CD Projekt Red reflects on its hubris following The Witcher 3’s success, and how that led to Cyberpunk 2077’s problems: ‘I think that was the beginning of a bit of magical thinking for the company’
The Witcher games are one of the clearest examples of improvement over a series in videogame history. No backsliding here: The Witcher was a mess, The Witcher 2 was genuinely quite decent, and The Witcher 3: Wild Hunt was a masterpiece. The Witcher 3’s success put CD Projekt Red on Sony’s speed-dial, but it had other consequences as well.
The Witcher 3 at 10
To celebrate its 10th anniversary, all this week we’re looking back on The Witcher 3—and looking ahead to its upcoming sequel, too. Keep checking back for more features and retrospectives, as well as in-depth interviews with the developers who brought the game to life.
“It gave us confidence that we can deliver a truly ambitious and engrossing RPG of a big scale,” says Michał Nowakowski, joint CEO and member of the board, speaking to PC Gamer’s Joshua Wolens. “And that we can punch above our weight and we can get head to head with the big ones. I remember, I was like, really, really afraid of the standard that Dragon Age: Inquisition’s going to set,” Nowakowski recalls.

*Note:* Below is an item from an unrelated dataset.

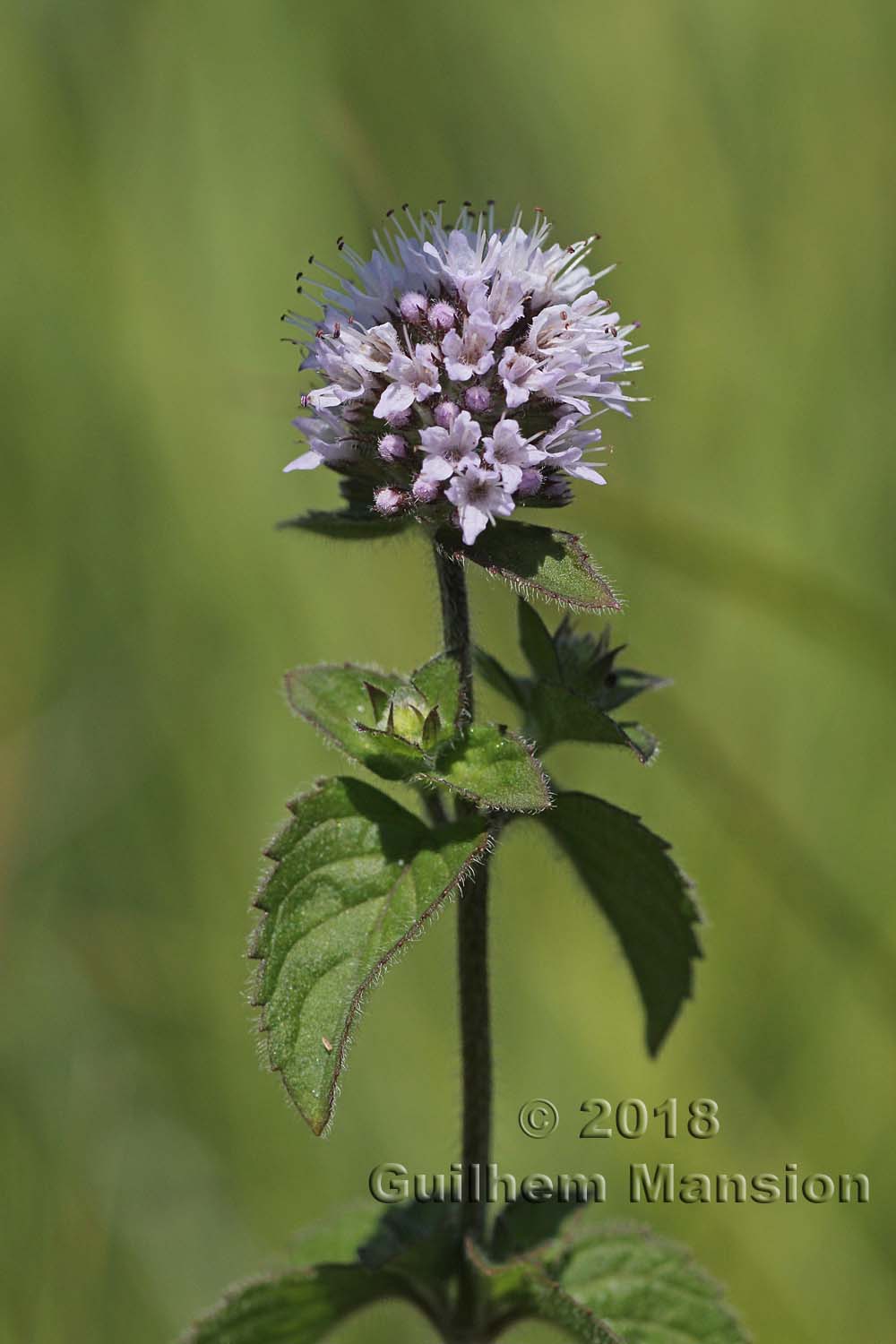 Mentha aquatica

While the two did duke it out for RPG of the Year awards (“I thought it was a fantastic game,” Nowakowski says of the competitor), The Witcher 3 was such a smash it changed expectations at CD Projekt Red. “That gave us confidence,” Nowakowski says. “Maybe in many ways even too much confidence looking back, to be honest, because I think that was the beginning of a bit of magical thinking for the company, which only stopped after Cyberpunk.”
Or as Adam Badowski, CD Projekt Red’s other joint CEO and member of the board puts it, “We turn from underdog to the company that is visible in the industry.”
The idea of magical thinking brings to mind BioWare magic, the idea that a troubled videogame will inevitably come together during the final stage of development because that’s what happened last time. And while the concept’s been torn apart repeatedly, it persisted because so many videogames do come together at the last moment. Even a classic like Thief: The Dark Project wasn’t fun to play until it was almost finished.
“I do remember, for The Witcher 3 specifically, seeing a version of the game that was put together, I think it was like February, 2015?” Nowakowski recalls. “I remember I walked up to Adam and said, ‘How are we in a good shape? Because that looks really not that great.’ You know, like, ‘Don’t worry. We’re gonna make the final push with the patch. That’s gonna be a day-zero patch.’ I remember talking to some of the key tech people, and they were tired—exhausted, to be honest—but it’s OK. We’re gonna make it happen. And they did. Of course there were a lot of patches afterwards, but the whole thing was like a force of nature. Lots of chaos, and a lot of final-moment efforts over there, without I think proper planning.”
The fact The Witcher 3 came together in that final push didn’t help the way the studio thought about things. “Everybody felt I think for a few moments that whenever something’s going on, we’re gonna have a magic fairy at the end that’s gonna come down and sprinkle some dust, and things are gonna be OK,” Nowakowski says. “I’m of course exaggerating, but there is some truth in that. So that’s a negative change. The positive change was that confidence, which I think helped us to build the ambition, which I still think is a big value of the company.”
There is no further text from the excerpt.